Exactly the lines from the start of the data below through the line that contains "My name is Val" are to be copied, with pictures left out.

═══ DATA SECTION ═══

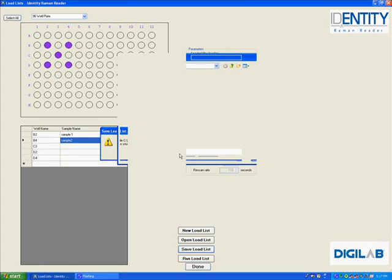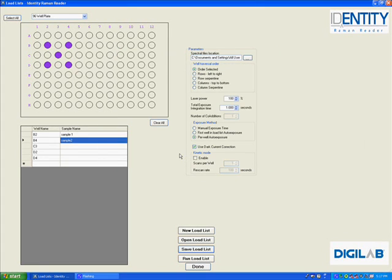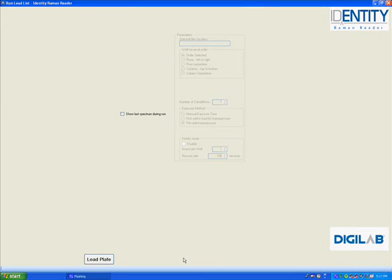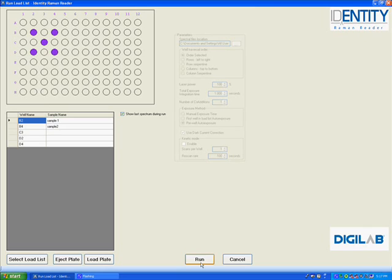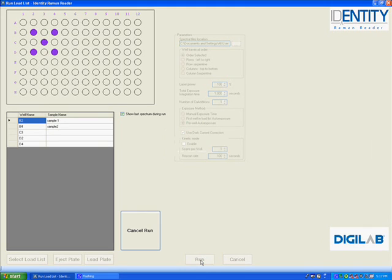Once the plate map view has been selected, I can run it. Select Run. I will select on Show Last Spectrum Displayed and click on Run, and we will now run the particular plate.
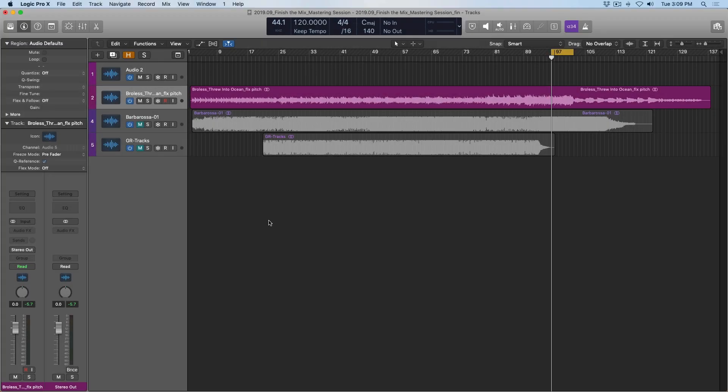Hey folks, Chris Vandeweyver here from WhyLogicProRules.com, the website that helps you get the most you can out of Apple's Logic Pro 10.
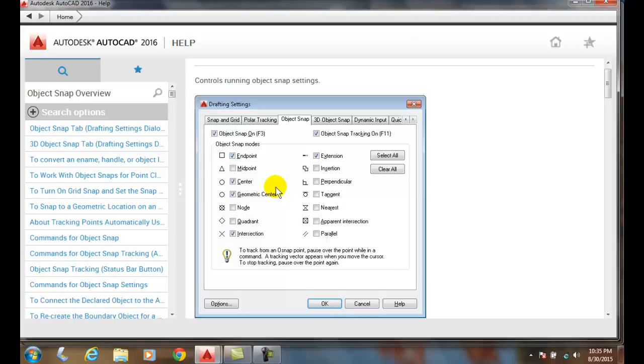So in time, we'll learn how to turn them on and off as needed. We'll learn how to use which object snap for the task that we need.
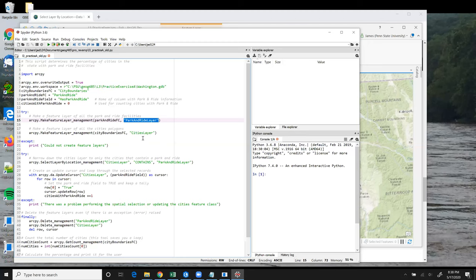Another thing to remember is that you're not creating a new dataset on disk with this tool. A feature layer exists only temporarily in memory while the script runs.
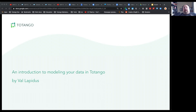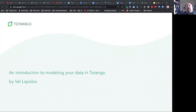My name is Val Lapidus. I'm a senior solutions architect and have been with Tatango for six years. I have implemented our largest customers and our smallest. I hope this video series will help you better understand what data to bring into Tatango and how to organize it.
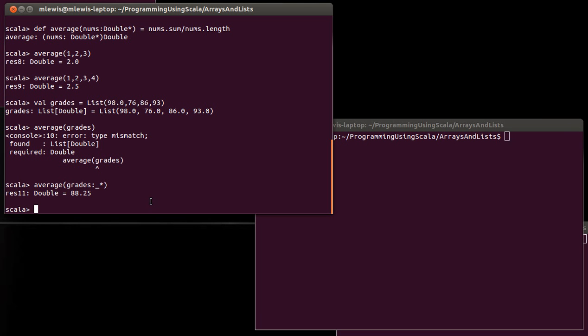So you should try playing with this. Take some of the functions that you have written previously that used arrays or lists and see how they work with a variable length argument list. I've written average here, write one that takes an average dropping the minimum value or something along those lines. So that's it for this video, and we'll see you again soon.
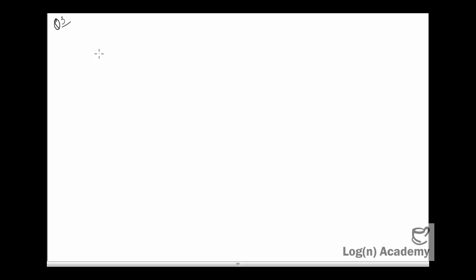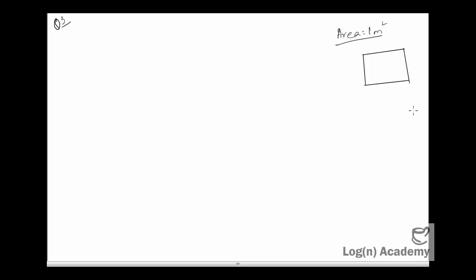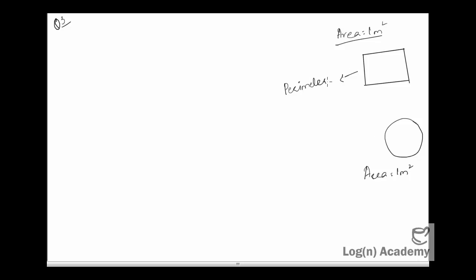Exercise 8C, Question No. 3. اس سوال میں ہم سے یہ کہا جا رہا ہے کہ ایک سکوائر ہے جس کا ایریا ون میٹر سکوائر ہے۔ اور ایک سرکل ہے جس کا بھی ایریا ون میٹر سکوائر ہے۔ سوال میں کہا یہ جا رہا ہے کہ اس سکوائر کے پیریمیٹر اور اس سرکل کے سرکمفیرنس کے درمیان ہمیں ڈیفرنس فائنڈ آؤٹ کرنا ہے۔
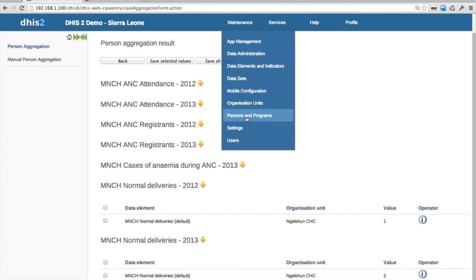Shall we show you the assignment? Today's assignment is group work. What you do is basically set up a program from scratch. Each group will set up one program together. Those of you from the same organization or country, try to go together.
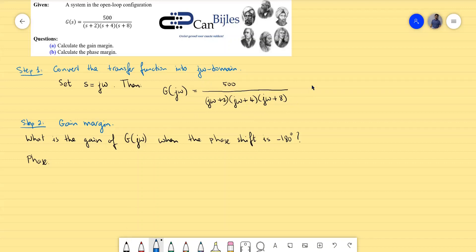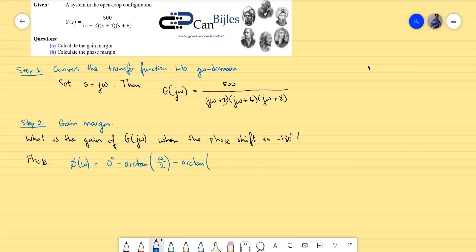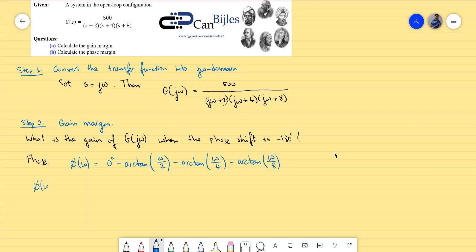So what we have is the phase φ(ω) = 0 degrees minus arctan(ω/2) minus arctan(ω/4) minus arctan(ω/8), where each term is the imaginary part divided by the real part. This is the general expression for the phase. What we should do is equate this expression to minus 180 degrees and then calculate at what frequency that happens.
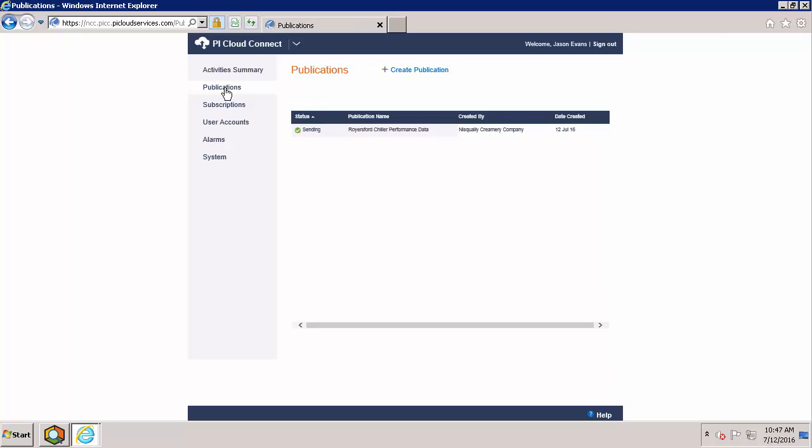On this tab, we can see all of our current publications, including any publications that we have been invited to subscribe to ourselves. Keep in mind that PI Cloud Connect operates under a multi-tenant environment. This means that your company can be a publisher, a subscriber, or both at the same time. Now let's go ahead and create that new publication.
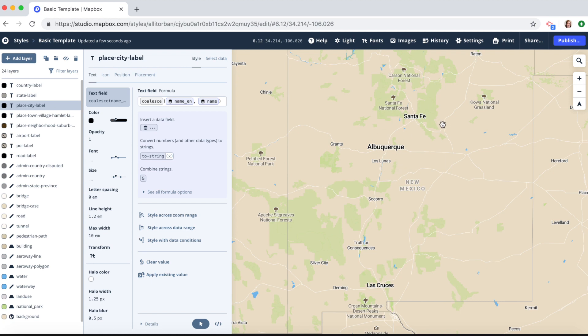So there you go. Now you know how to filter data in Mapbox Studio. Thanks for using Mapbox and keep building.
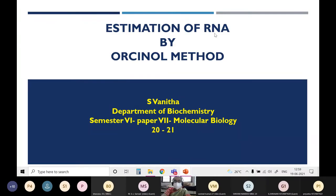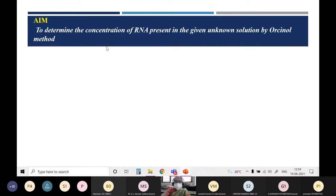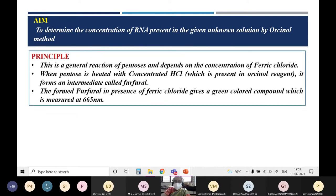Students, today the experiment is estimation of RNA by Orsenol method, a very good method to determine the concentration of RNA present in an unknown solution. The aim of this experiment is to determine the concentration of RNA in the given unknown solution by Orsenol method. You are going to use Orsenol reagent, a green colour will develop, and you will take the absorbance of that green colour to determine the concentration of RNA.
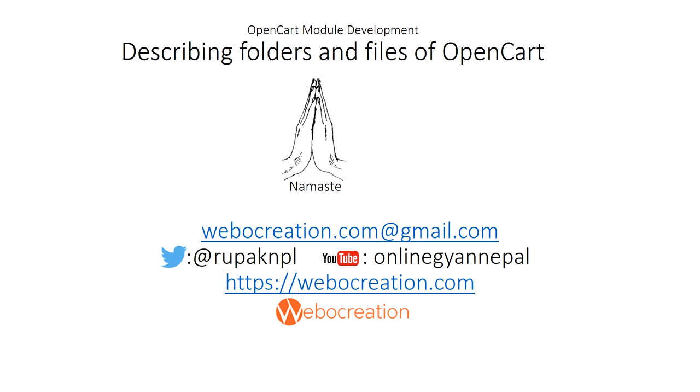Hi everyone, namaste. Namaste is the word used in our country Nepal to greet someone. I'm Rupak Nepali. In our second video we installed OpenCart and it's now up and running at our custom URL webcreation.log. Today in our third video, I'm going to describe files and folders of OpenCart framework. First thing we do is look through the files and folder structure.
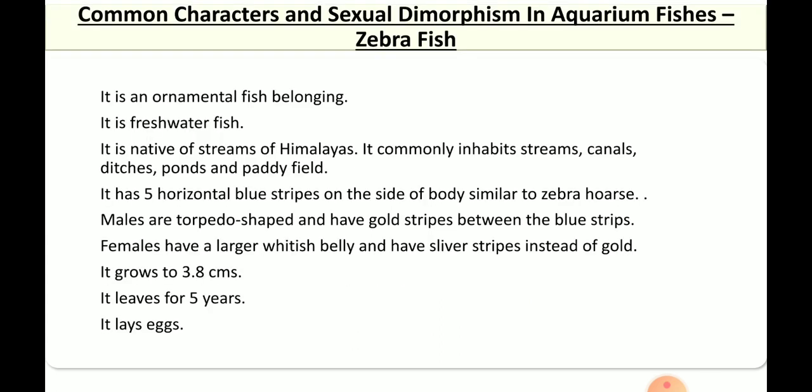Zebrafish is an ornamental freshwater fish belonging to Cyprinidae. It is native to the streams of the Himalayas, and commonly inhabits streams, canals, ponds, and paddy fields. It has five horizontal blue stripes on the sides, and the body is slimmer compared to gourami.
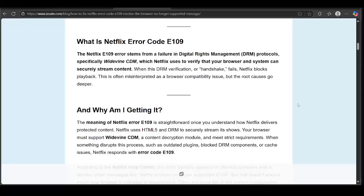Hi guys, welcome back to a brand new video. In this video, I'm going to be telling you how to fix Netflix error code E109.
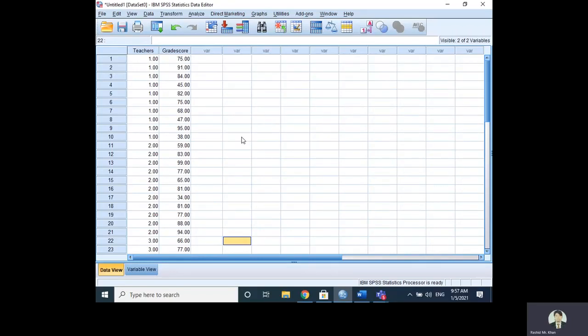Bismillahirrahmanirrahim, Assalamu Alaikum. Today's video is about how to analyze data using One-Way ANOVA in SPSS. In the last video we analyzed the data using Excel, and this video is about how to analyze the data using SPSS. We have here the data — scores of three different samples, each sample having 10 observations, which are the marks obtained by 10 students.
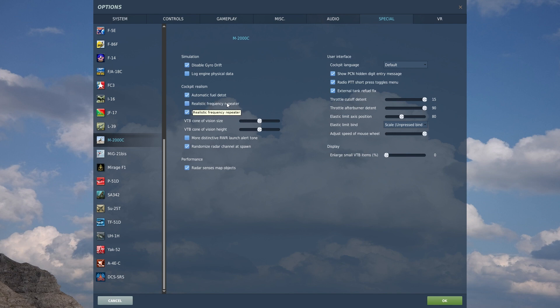Realistic frequency repeater. This is interesting. This is something that came into a somewhat more recent patch in DCS world. The frequency repeater up on the Mirage 2000C's front dashboard that repeats the frequency of the radio selected, either green or red radio.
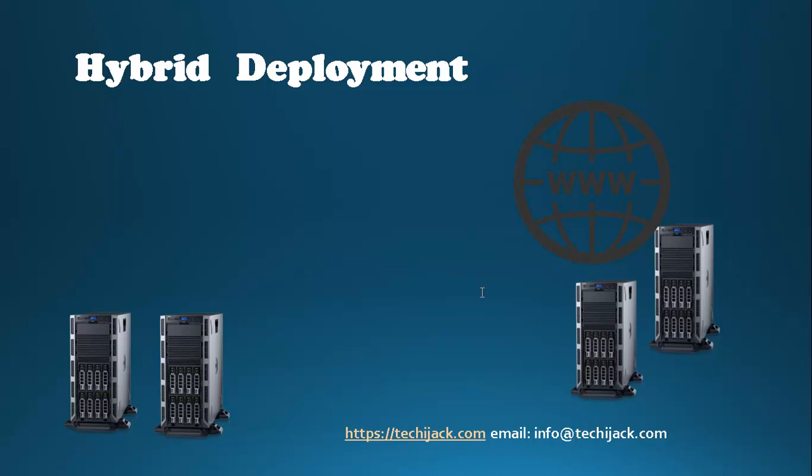So guys, I hope you found the video informative. If you like the video, please subscribe to the channel and hit the bell icon for more upcoming updates. Or if you want to join the full advanced training on Exchange Server 2016, you can email me.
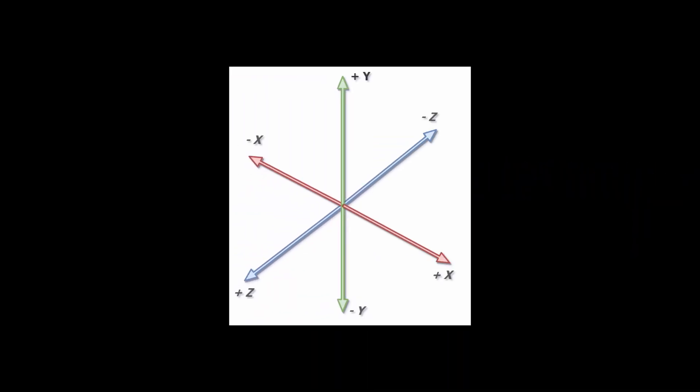I swear, every program and library uses different axes for coordinate systems. But I think for Three.js the setup is this one, so we need to move the box by x-axis.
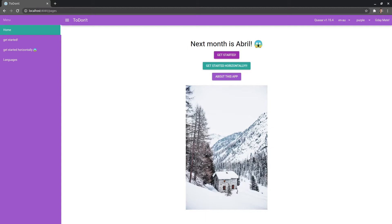SSR is currently unavailable but it's actively being worked on and should be in our hands soon enough, so just keep that in mind if you're doing server-side rendered applications — that's not really going to be possible at the moment.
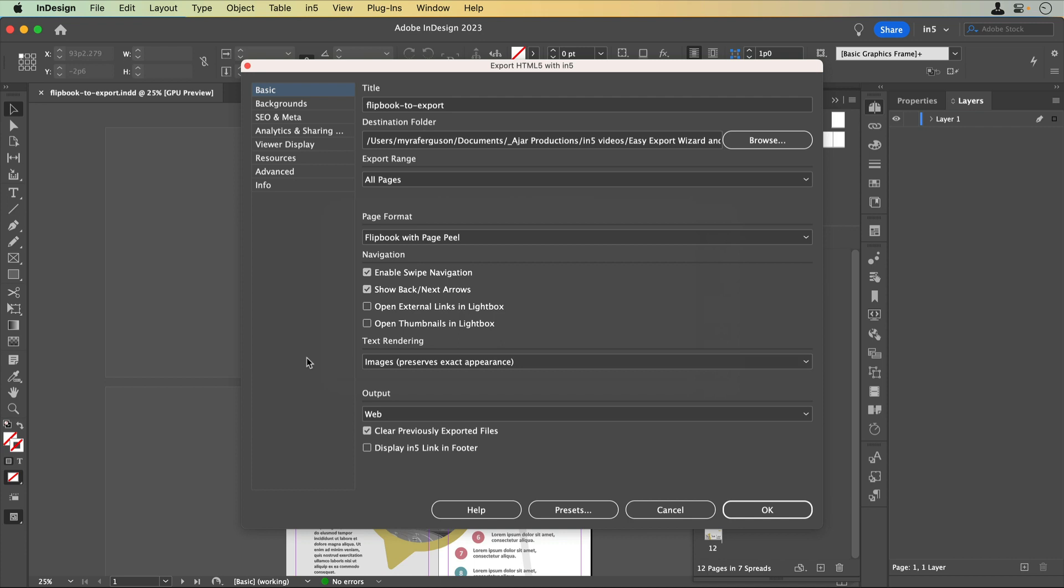Let's see what settings are now available to us here. Notice on the left there are multiple sections: Basic, Backgrounds, SEO and Meta, Analytics and Sharing, Viewer Display, Resources, Advanced, and Info.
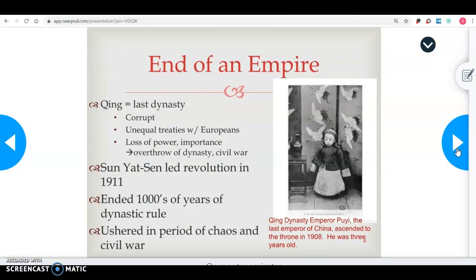Going back to what China used to be, it used to be a monarchy type of government, or what we call a dynasty. The last dynasty is the Qing dynasty. It was considered really corrupt, with unequal treaties with Europeans and loss of power and importance for China. Eventually this is going to cause the people of China to overthrow that dynasty.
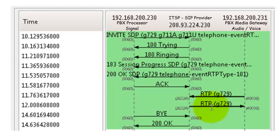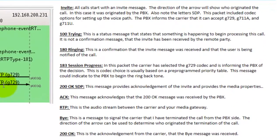That's the full flow: INVITE sets up the call, Trying and Ringing acknowledge routing, 183 Session Progress and 200 OK finalize the codec and media channel setup, RTP carries the audio, and BYE with 200 OK tears it down. The greatest thing about SIP protocol compared to proprietary protocols is you can see step by step what is happening in the conversation. If you understand what should be happening, troubleshooting SIP trunks is much easier than troubleshooting analog trunks, T1, or PRI - you have easily accessible tools to decode and watch the conversation.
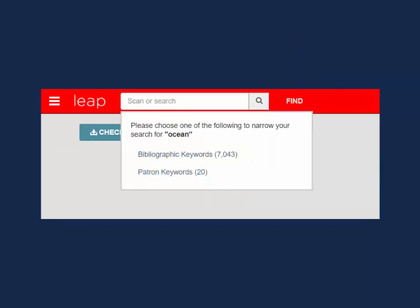If your search matches both patron and bibliographic records and you hit enter on your keyboard, LEAP will provide a summary of how many bib and patron record matches there are for your search. Select one of the options to view a list of results.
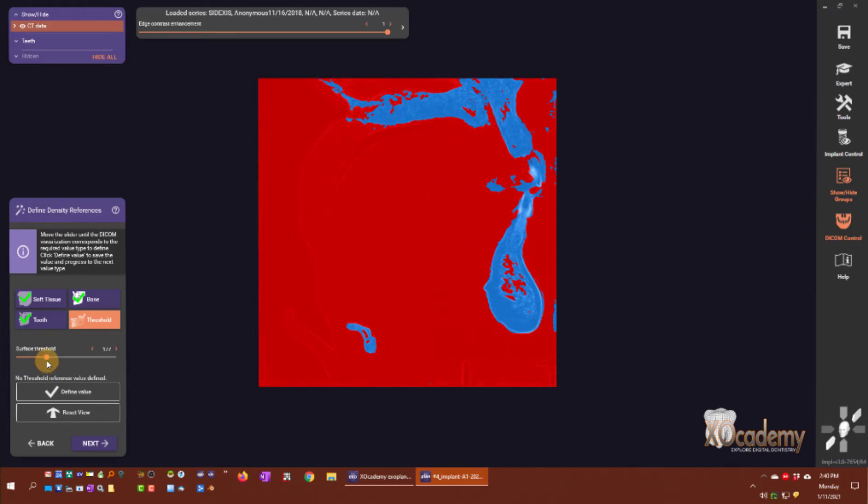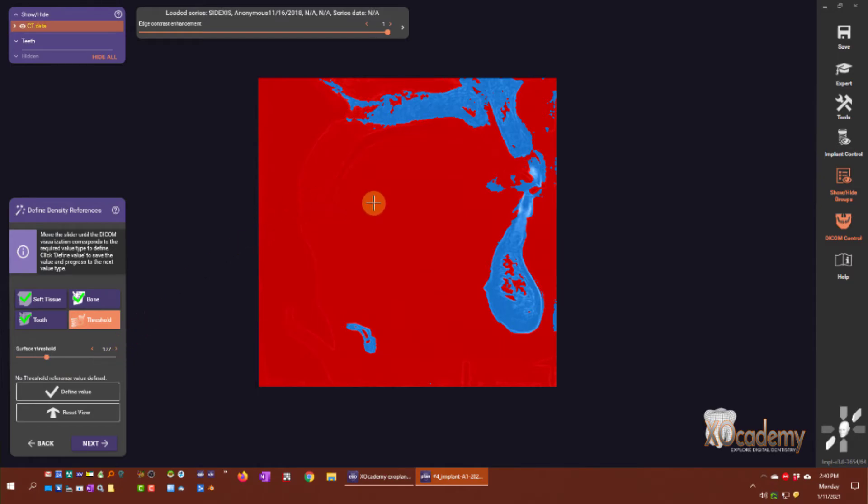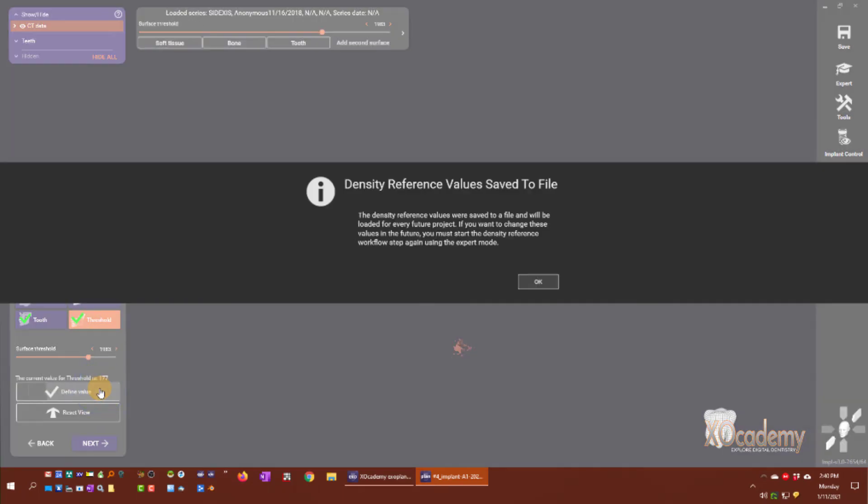This will define where the outer extent of the cortical plate is. This is going to define where the implant is in and out of bone. I'm going to click define value there.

═══

### [REPLY TO THE TASK]
Once the plate map view has been selected, I can run it. Select Run. I will select on Show Last Spectrum Displayed and click on Run, and we will now run the particular plate.
Hey folks, Chris Vandeweyver here from WhyLogicProRules.com, the website that helps you get the most you can out of Apple's Logic Pro 10.
So in time, we'll learn how to turn them on and off as needed. We'll learn how to use which object snap for the task that we need.
Another thing to remember is that you're not creating a new dataset on disk with this tool. A feature layer exists only temporarily in memory while the script runs.
My name is Val Lapidus. I'm a senior solutions architect and have been with Tatango for six years. I have implemented our largest customers and our smallest. I hope this video series will help you better understand what data to bring into Tatango and how to organize it.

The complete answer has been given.